Today, I thought about my art and the things that fly through my mind of what I would like to make. I see these vivid images in my head, but I can't always get them out into reality.
I put on my Craftster mantra, "Dreaming Bigger than my Abilities." I am beginning to feel more and more like that isn't necesarilly the case. There are so many crafty and creative people out there! I think I have been living with the idea that I should be the best in everything... and well finding that it is not necessarily true. I'm just a little too competitive and hard on myself. I do things no one in my family can do... or would want to! Ha, ha.
If I don't win a challange I feel as if what I made was crap... It wasn't that good to begin with, and why would I think it would win?! And then I do win sometimes, but I think I need to enter it in bigger competitions, and try to get more credit, and when that doesn't happen I would go back to feeling like I only make silly, not that great things.
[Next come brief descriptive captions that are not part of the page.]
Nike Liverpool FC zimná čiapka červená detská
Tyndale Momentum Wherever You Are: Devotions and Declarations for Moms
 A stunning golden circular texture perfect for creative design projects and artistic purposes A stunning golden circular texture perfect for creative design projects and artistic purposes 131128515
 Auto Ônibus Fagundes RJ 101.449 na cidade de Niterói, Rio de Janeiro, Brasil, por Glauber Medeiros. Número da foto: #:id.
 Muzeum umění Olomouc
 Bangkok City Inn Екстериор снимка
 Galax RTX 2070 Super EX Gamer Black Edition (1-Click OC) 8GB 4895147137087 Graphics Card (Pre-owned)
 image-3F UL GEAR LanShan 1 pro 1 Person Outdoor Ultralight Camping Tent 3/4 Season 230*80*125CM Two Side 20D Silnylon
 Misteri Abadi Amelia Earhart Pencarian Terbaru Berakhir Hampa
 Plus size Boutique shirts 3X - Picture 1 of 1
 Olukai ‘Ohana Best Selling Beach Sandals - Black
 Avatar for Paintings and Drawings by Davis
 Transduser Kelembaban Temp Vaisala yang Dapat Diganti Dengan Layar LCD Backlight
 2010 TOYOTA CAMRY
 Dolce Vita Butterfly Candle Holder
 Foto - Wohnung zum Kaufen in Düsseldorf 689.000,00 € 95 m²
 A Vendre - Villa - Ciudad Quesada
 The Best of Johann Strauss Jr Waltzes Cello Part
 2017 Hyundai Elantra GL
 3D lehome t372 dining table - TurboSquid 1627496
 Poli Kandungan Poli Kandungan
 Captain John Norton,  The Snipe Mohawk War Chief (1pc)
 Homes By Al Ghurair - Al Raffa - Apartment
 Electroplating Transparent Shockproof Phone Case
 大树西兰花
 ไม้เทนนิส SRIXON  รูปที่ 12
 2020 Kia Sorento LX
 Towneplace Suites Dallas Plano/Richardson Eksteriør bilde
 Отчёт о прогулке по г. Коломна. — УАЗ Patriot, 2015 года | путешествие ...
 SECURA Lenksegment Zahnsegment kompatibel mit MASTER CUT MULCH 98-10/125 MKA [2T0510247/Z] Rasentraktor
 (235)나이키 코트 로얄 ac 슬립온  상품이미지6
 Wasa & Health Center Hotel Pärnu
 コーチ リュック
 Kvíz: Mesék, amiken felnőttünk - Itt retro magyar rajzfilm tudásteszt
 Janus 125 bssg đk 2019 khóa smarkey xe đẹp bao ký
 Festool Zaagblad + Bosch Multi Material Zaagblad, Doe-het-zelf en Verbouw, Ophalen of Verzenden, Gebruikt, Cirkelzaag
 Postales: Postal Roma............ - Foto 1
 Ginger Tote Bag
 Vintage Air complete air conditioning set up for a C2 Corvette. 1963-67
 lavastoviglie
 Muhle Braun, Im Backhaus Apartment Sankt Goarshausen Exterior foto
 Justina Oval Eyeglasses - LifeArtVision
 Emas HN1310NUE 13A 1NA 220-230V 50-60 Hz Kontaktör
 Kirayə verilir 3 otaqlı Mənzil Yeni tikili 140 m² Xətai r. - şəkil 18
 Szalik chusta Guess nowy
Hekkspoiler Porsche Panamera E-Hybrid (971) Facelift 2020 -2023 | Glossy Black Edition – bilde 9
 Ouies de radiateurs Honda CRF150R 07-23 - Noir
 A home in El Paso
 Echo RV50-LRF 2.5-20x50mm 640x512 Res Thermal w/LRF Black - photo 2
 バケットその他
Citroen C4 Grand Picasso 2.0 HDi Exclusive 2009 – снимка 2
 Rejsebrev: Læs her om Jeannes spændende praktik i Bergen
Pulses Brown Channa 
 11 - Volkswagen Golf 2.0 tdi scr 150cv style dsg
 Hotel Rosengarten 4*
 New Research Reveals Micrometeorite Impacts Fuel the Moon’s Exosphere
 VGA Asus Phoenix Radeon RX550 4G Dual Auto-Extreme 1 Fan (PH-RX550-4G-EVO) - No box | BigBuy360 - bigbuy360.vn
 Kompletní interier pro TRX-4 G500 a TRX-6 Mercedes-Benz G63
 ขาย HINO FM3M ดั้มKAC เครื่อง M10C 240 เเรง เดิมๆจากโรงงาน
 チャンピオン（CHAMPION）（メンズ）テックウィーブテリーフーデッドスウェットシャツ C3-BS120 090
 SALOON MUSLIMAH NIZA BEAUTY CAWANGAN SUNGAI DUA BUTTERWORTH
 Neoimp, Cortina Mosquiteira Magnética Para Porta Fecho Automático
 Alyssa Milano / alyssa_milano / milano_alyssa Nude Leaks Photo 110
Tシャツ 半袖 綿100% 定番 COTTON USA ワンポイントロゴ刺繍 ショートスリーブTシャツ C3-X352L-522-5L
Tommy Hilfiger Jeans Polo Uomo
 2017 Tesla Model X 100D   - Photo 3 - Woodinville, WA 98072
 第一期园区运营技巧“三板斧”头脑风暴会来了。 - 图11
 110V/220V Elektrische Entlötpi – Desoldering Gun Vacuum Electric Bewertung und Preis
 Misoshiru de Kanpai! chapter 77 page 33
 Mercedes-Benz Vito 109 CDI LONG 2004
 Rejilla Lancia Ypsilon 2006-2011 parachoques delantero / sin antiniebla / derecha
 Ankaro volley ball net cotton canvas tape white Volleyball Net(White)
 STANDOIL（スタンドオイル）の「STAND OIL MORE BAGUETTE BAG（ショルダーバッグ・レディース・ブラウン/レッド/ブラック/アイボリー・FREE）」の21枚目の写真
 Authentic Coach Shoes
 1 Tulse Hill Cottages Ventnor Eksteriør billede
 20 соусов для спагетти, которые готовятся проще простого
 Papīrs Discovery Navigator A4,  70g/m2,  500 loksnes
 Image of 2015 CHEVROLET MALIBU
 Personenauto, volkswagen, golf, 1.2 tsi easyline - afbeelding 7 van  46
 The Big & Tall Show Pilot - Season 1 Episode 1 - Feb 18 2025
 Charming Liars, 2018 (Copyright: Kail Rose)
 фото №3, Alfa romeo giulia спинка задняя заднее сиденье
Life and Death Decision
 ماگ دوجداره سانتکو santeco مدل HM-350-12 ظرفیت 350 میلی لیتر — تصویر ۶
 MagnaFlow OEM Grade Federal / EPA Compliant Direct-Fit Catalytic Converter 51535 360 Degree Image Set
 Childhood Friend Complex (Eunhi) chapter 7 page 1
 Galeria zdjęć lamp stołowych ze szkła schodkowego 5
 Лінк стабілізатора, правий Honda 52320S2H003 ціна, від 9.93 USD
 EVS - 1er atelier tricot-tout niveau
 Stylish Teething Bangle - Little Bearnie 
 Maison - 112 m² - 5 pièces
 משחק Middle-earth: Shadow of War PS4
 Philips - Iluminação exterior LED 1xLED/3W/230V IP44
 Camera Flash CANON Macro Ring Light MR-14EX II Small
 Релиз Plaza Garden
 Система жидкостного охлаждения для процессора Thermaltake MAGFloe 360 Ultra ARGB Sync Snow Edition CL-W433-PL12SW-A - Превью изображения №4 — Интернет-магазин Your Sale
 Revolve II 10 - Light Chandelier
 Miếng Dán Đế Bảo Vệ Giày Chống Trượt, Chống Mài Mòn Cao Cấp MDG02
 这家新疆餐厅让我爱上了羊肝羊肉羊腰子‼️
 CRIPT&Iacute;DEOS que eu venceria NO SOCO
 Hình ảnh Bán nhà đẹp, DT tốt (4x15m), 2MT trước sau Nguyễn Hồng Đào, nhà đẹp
I start to believe my skills aren't that great, and I look at my crafting supplies and find myself not wanting to touch them because I stop feeling worthy of it...
Today, I am taking that away! I know we all feel like that about something, we have to right?! Maybe for some, it's not crafting at all but they feel their parenting skills in question ... my daughter just lost her finger nail for the second time... It didn't even't grow out completely from the last time! But I don't hold it against me as much as my crafts... Sometimes we just need to tell ourselves not to believe the negativity and to keep at it. Even when it's hard!
I have been telling myself that for the last week or two... Hasn't completely sunk in yet, but I keep working at it!
There's no new or completed masterpiece to show off today... Just some words of encouragement to keep at it when you feel defeated. Even when you think it's impossible, I promise it gets better. Not right away of course, but I believe it has to. With every project I make, I practice a skill and I learn how to manipulate it a little bit more.
So on the days when I make a sale or I win a prize or ribbon in a contest, I just have to carry that high over until the next one...
So for me as much as for you, keep your head up! Keep creating!